● Exercise: Go through the entries and transcribe each one exactly, dropping the pictures.

● Source information:
* * * * * * * * *

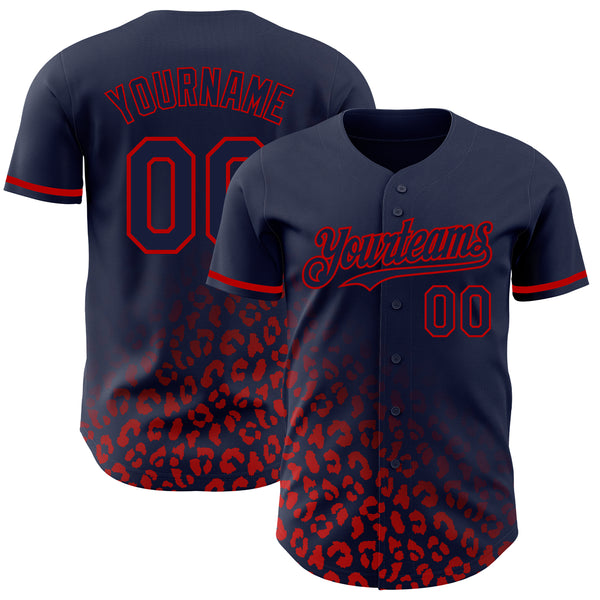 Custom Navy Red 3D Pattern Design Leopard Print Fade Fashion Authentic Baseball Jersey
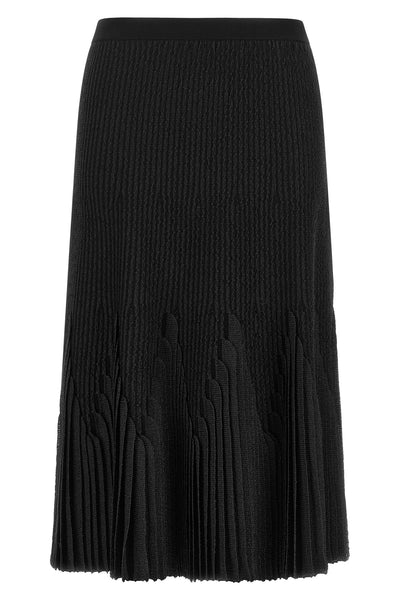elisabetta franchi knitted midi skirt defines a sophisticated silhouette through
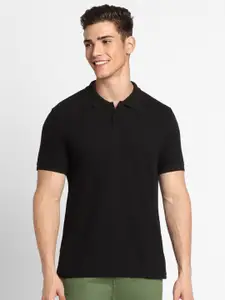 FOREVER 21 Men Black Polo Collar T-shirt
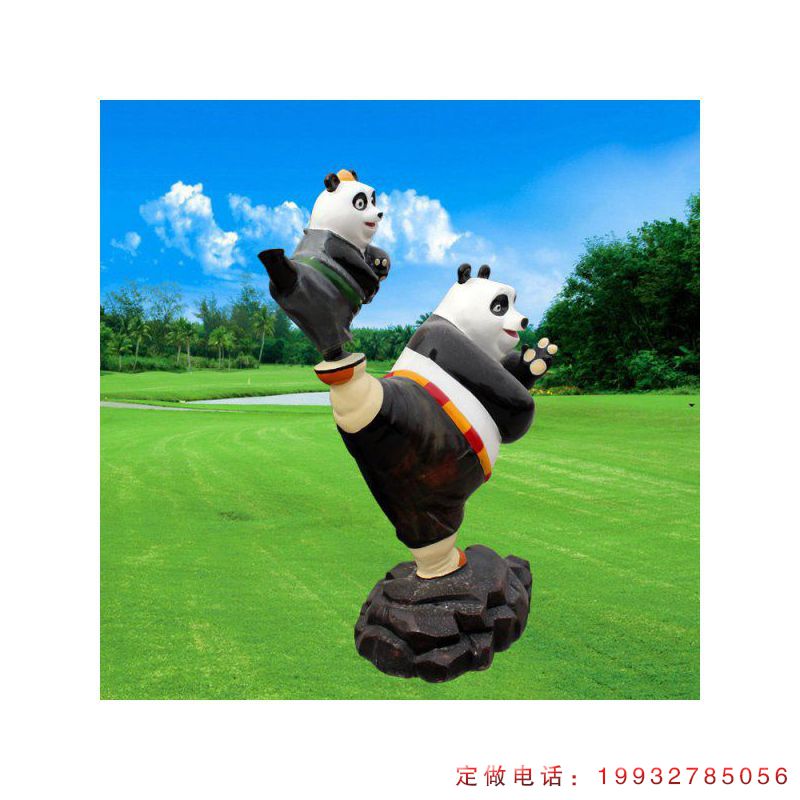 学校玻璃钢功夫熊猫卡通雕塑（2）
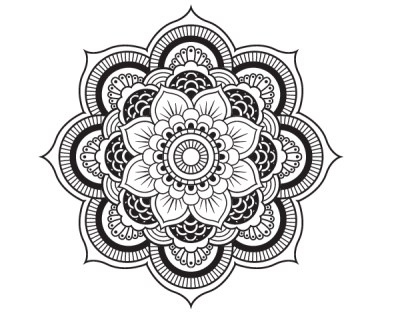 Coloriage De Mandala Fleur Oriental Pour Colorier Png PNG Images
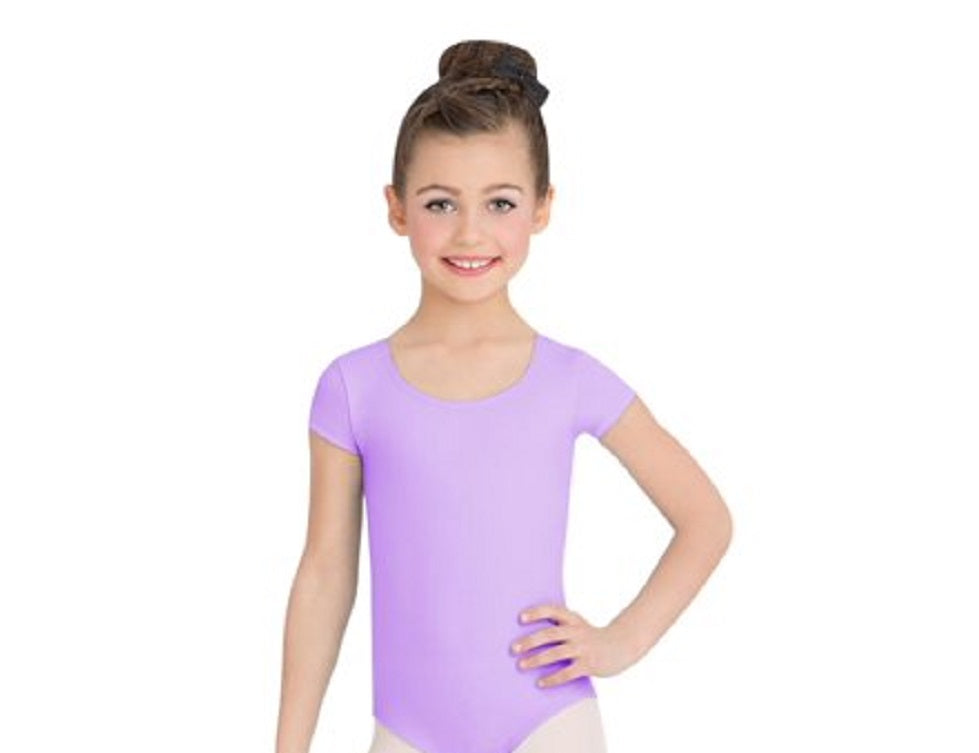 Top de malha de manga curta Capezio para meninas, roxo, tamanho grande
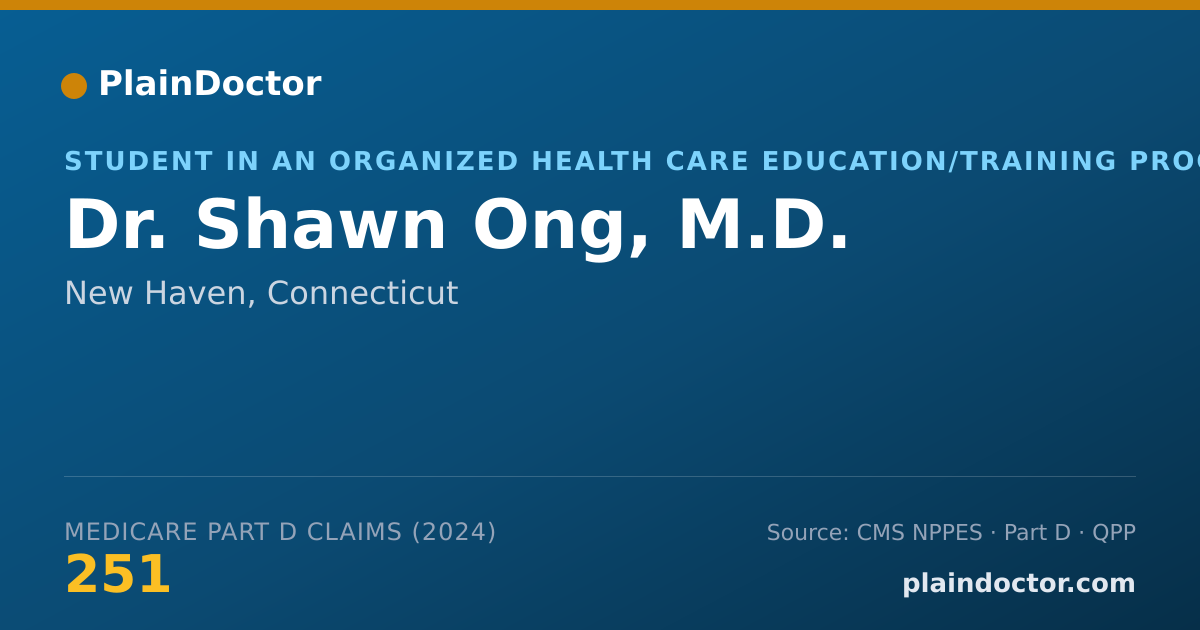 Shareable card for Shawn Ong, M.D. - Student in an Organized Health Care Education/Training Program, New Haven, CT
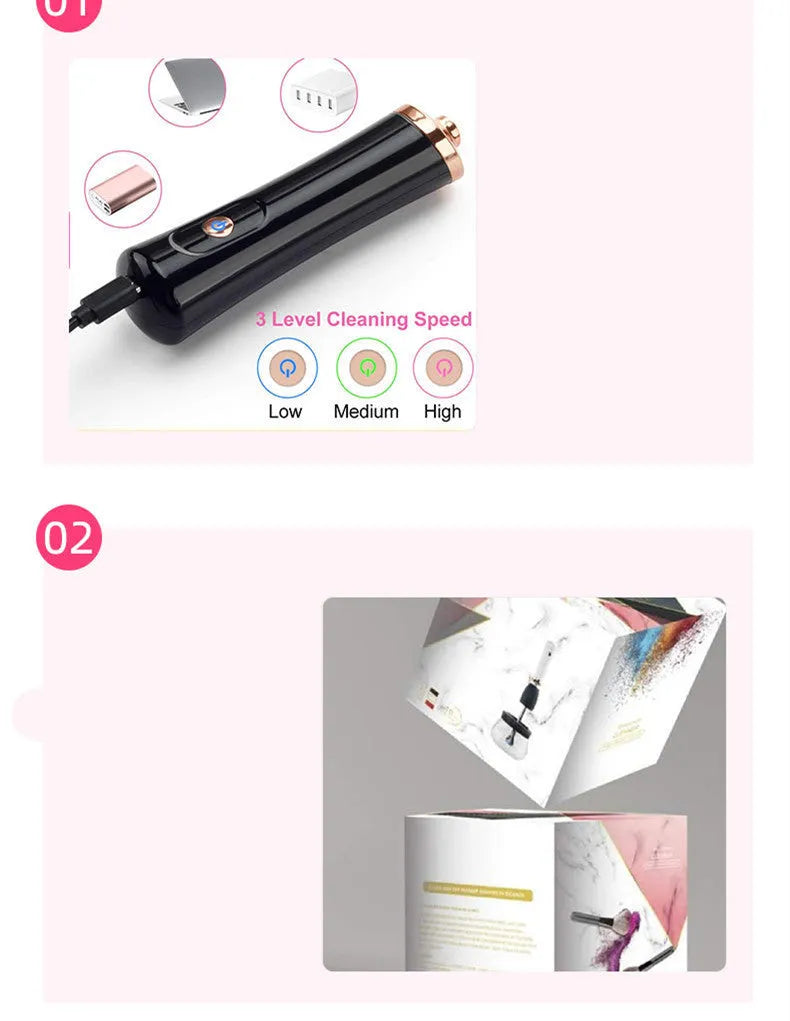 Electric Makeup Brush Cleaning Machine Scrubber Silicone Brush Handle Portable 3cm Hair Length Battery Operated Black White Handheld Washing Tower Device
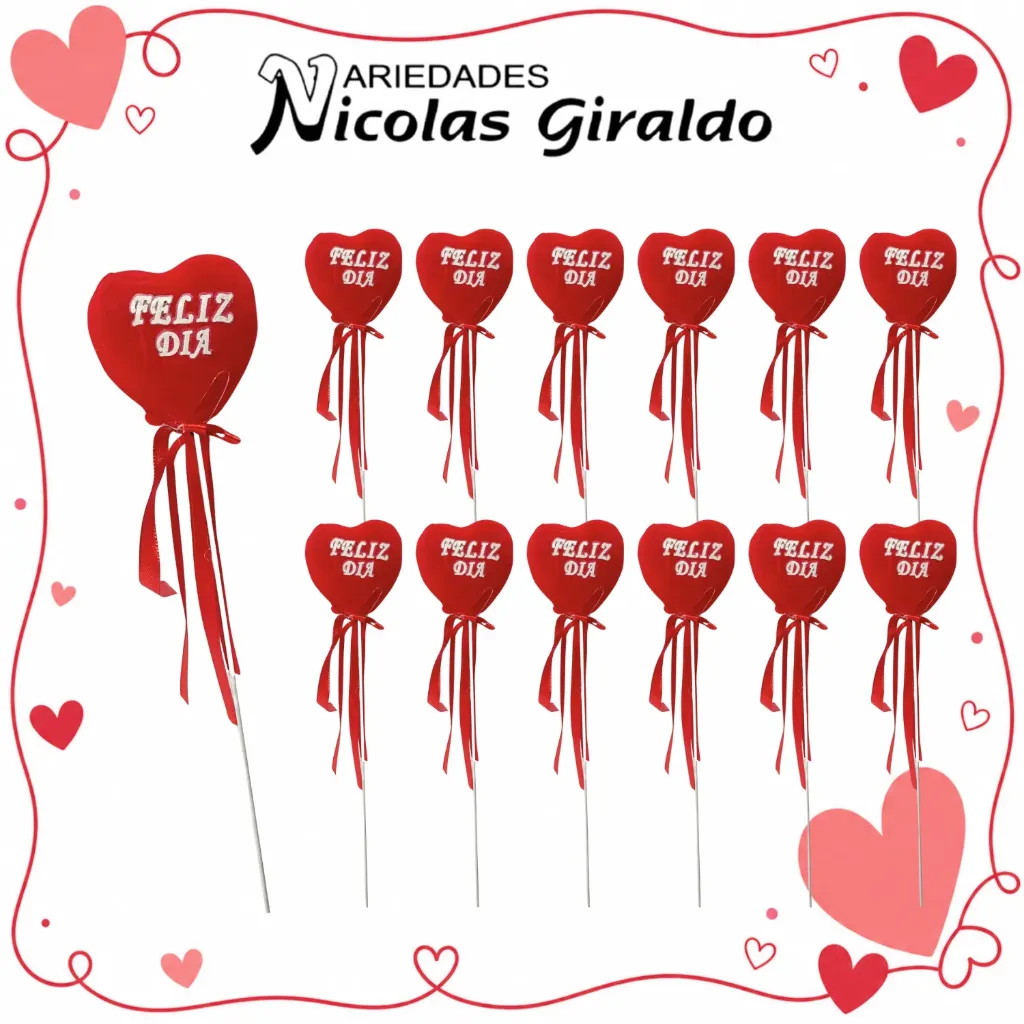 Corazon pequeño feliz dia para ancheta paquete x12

* * * * * * * * *

● Result of the exercise:
 Custom Navy Red 3D Pattern Design Leopard Print Fade Fashion Authentic Baseball Jersey
elisabetta franchi knitted midi skirt defines a sophisticated silhouette through
 FOREVER 21 Men Black Polo Collar T-shirt
 学校玻璃钢功夫熊猫卡通雕塑（2）
 Coloriage De Mandala Fleur Oriental Pour Colorier Png PNG Images
 Top de malha de manga curta Capezio para meninas, roxo, tamanho grande
 Shareable card for Shawn Ong, M.D. - Student in an Organized Health Care Education/Training Program, New Haven, CT
 Electric Makeup Brush Cleaning Machine Scrubber Silicone Brush Handle Portable 3cm Hair Length Battery Operated Black White Handheld Washing Tower Device
 Corazon pequeño feliz dia para ancheta paquete x12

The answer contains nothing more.